Sure he's probably exaggerating his losses for tax purposes, but he can't be exaggerating them all that much; he really is losing. In a way that seems ridiculous to you and me, since they all go on living like billionaires, but he takes all the spending as business deductions, which makes some kind of crazy sense when you think about it: being a billionaire is his brand, so that his income depends in some degree on his acting that way. It's fun to realize that his much-touted donation of his salary, $400,000 a year, must be a charity deduction, well under 1% of the $130 million in deducted charity reported in the Times filings (nearly all of which is not actual money, but conservation easements, agreements to leave a portion of land undeveloped on estates like his 200-acre Seven Springs estate in Westchester County, a summer retreat for family members after authorities refused to approve development anyway, but he also writes off the property taxes as a business deduction, though he's not even trying to make any money off of it).

Those loans looked really terrible! I seriously thought he was going to go broke after he went home to Palm Beach in 2021. And then they did somehow get paid off, it's not clear how, as the Times was reporting in April. His newest business ventures, the social media and NFT companies, are patently disasters. He's paid off the DB loans on the Doral and Manhattan Trump Tower, but taken on new ones for the same properties, with a new lender, Axos Bank (formerly known as "Bank of Internet USA"), with

a loan for $100 million to refinance the Trump Tower despite lacking solid financial reports after its accounting firm declined to back 10 years of financial statements that they produced for The Trump Organization

Presumably they were hunting for whales too.

The other thing in that Times report was a Saudi-backed project for a golf resort in Muscat, Oman, worth "more than $5 million" (that's pretty much the only value he offered for anything in this disclosure). A couple of months later we were getting notice of another Saudi adventure, the LIV golf tour, which was staging all the events it could at Trump-owned golf courses in return for Trump's backing of them over the traditional PGA, for who knows what kinds of fees (the Saudi Sovereign Wealth Fund is Jared Kushner's new private banker, of course, to the tune of a $2-billion "investment"). 

Deutsche certainly would have been harmed, or else compelled to connive with Trump yet again, if Trump hadn't gone out to find still more sugar daddies.


The bank loaned Donald Trump some $2 billion over two decades, and didn't get too much of it back, though it likely benefited in PR terms, as Vrablic hoped, for having such a "whale" on its books. It was also a pretty illegal enterprise in its own right, paying $7.2 billion in fines for its part in the mortgage-backed securities scandal that launched the 2008 financial crisis (Trump's lawyers were right about that) and others for its long history as a money launderer for Russian oligarchs, and of course the mysterious suicides of DB employees between 2017 and 2022, at least one of them directly Trump-related.
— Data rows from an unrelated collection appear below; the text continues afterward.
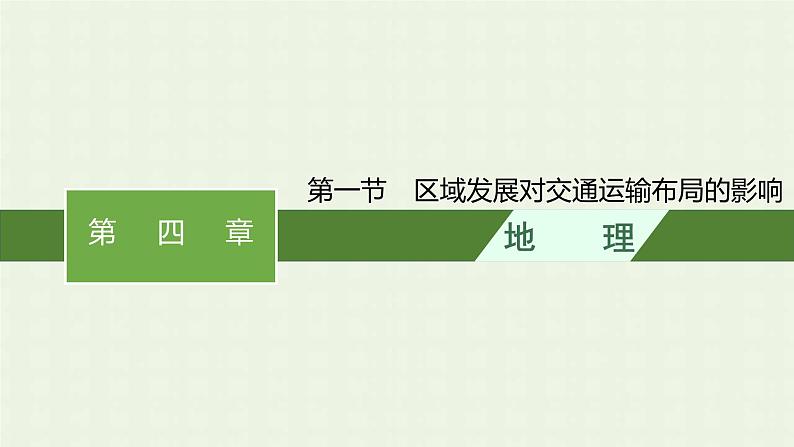 新人教版高中地理必修第二册第四章工业地域的形成与发展第一节区域发展对交通运输布局的影响课件第1页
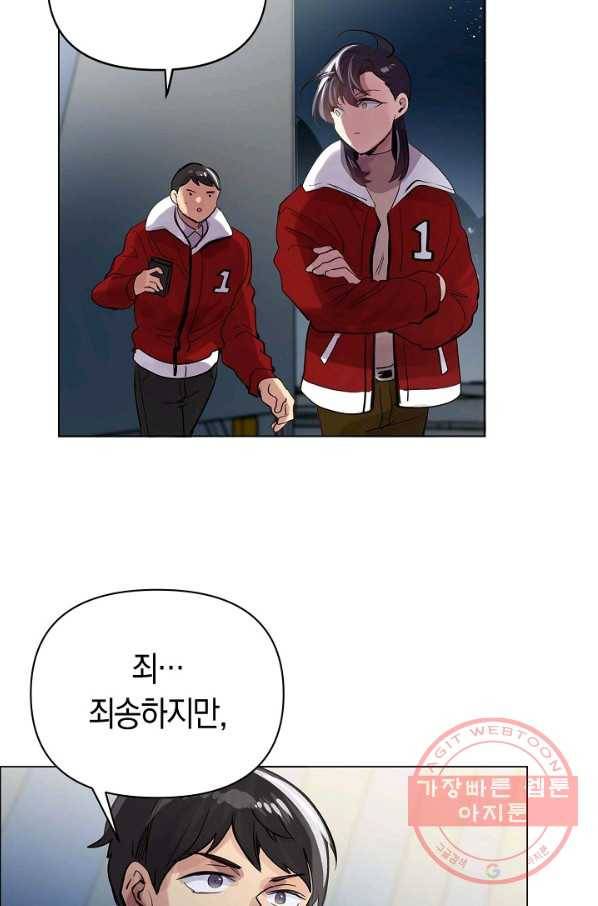 타임룰렛 57화 50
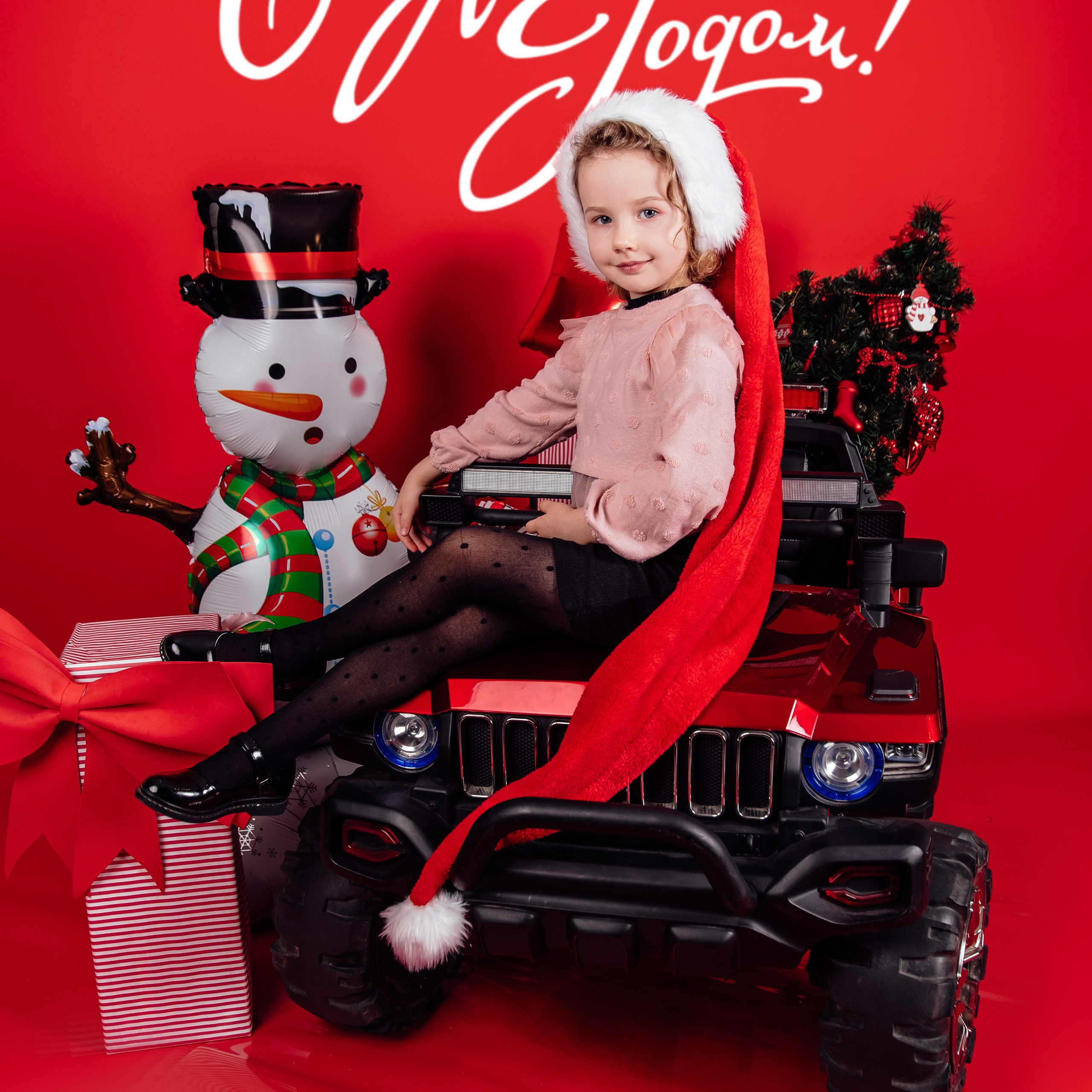 КРАСНЫЙ НОВЫЙ ГОД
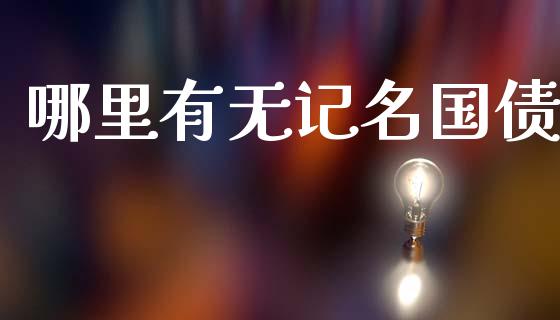 哪里有无记名国债_https://www.fansifence.com_恒指交易时间_第1张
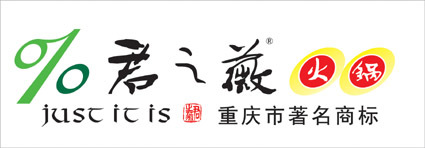 重慶君之薇實業(yè)官網(wǎng)_重慶君之薇實業(yè)最新招聘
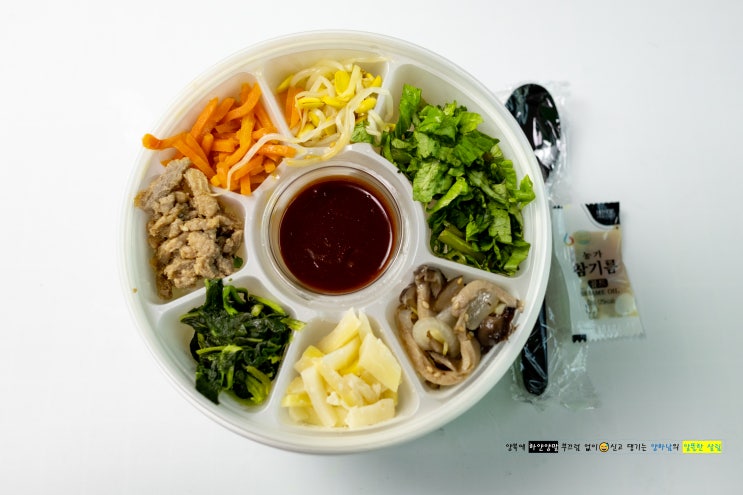  GS25 편의점 도시락, 정성 가득 비빔밥 리뷰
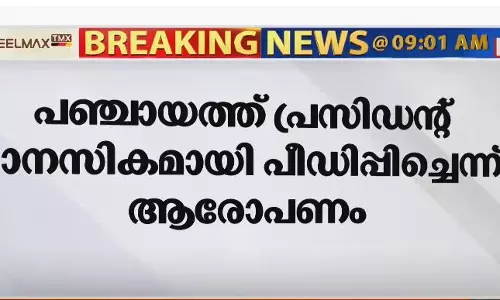 വൈദ്യുതി വിച്ഛേദിച്ചതിന് ആത്മഹത്യക്ക് ശ്രമിച്ച യുവാവ് മരിച്ചു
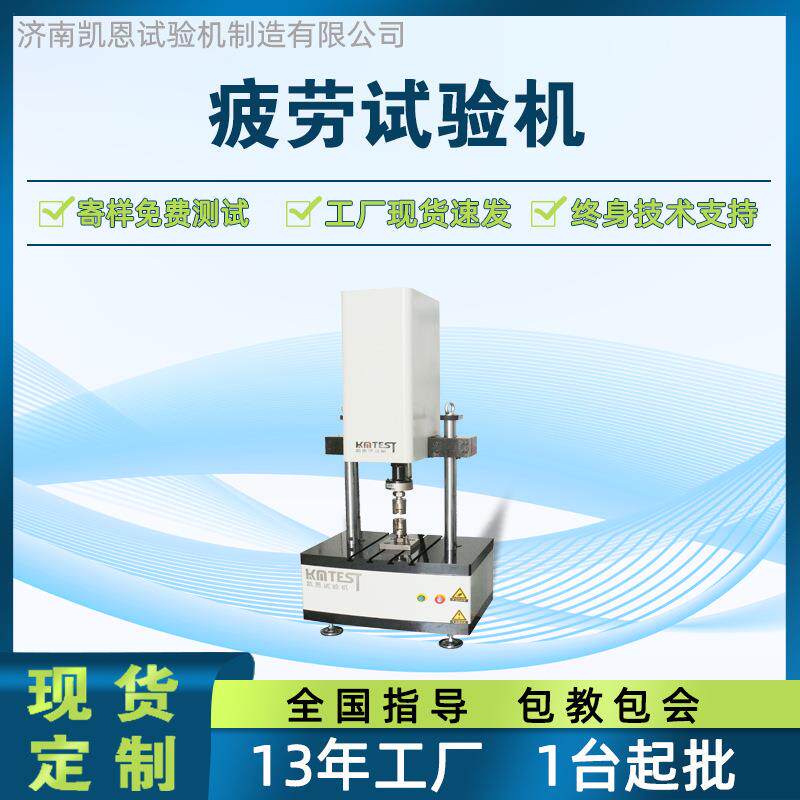 牙种植体疲劳性能测试机接骨板疲劳测试仪外科材料疲劳试验机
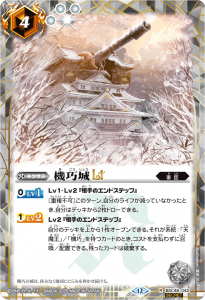 SECRETBSC48-042LT R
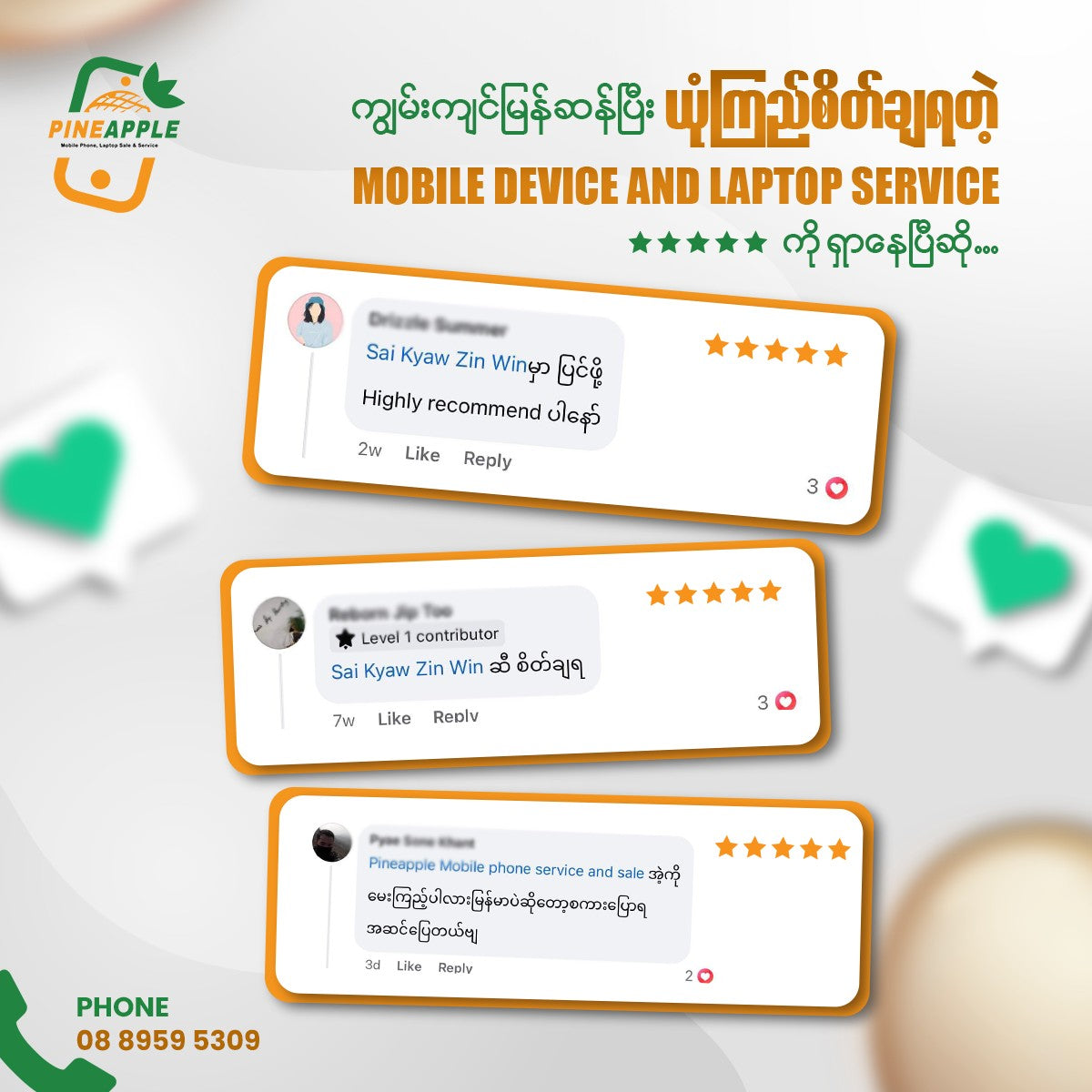 Pineapple Mobile Phone Service and Sale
It's not really appropriate to ask whether Trump's fraud "harmed" the German bank, or greedy individuals working within it, interesting as those questions might be—we really should be asking if Trump helped DB in any way commensurate with the way DB helped him. This, the relationship between two criminal organizations, is another racketeering case, properly understood, and I really wish (with all respect and admiration for Letitia James) it could be handled that way. It would really be nice for voterrs to understand that.